Hello all, and thanks for your thoughts. Perhaps I should explain differently ...
I am GETting xml docs from an IBM tool using LWP and using LibXML to parse them. This keeps failing due to unparsable characters such as e acute (x'e9') so I need to substitute those characters with parsable ones. My idea was to GET the xml doc then call a subroutine to replace x'e9' with x'65', x'a0' with x'20' and so on before parsing the doc with LibXML.
The subroutine would write to a temp file then delete the original and rename the temp file. The subroutine would call another whose job it is to replace in a string all instances of one hex value with another.
So, another way to describe my problem is that I have not been able to write a subroutine that accepts a string, a 'from' hex value and a 'to' hex value and returns a modified string.

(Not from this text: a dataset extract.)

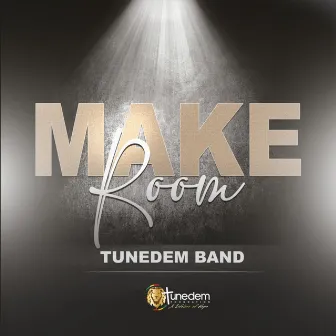 Make Room by Tunedem Band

The xml snip I showed as test data is real data snipped from an xml doc retrieved from the tool, and the two unparsable chars I've encountered so far are x'a0' and x'e9' (just e9 in the snip)... there are likely to be others so a generalised 'replacer' seems a good way to go.
What seemed like a straightforward thing to do has proven otherwise, hence asking the question here - I apologise if what I'm trying to achieve wasn't sufficiently clear. Any hep with what ought to be a simple subroutine will be warmly welcomed. |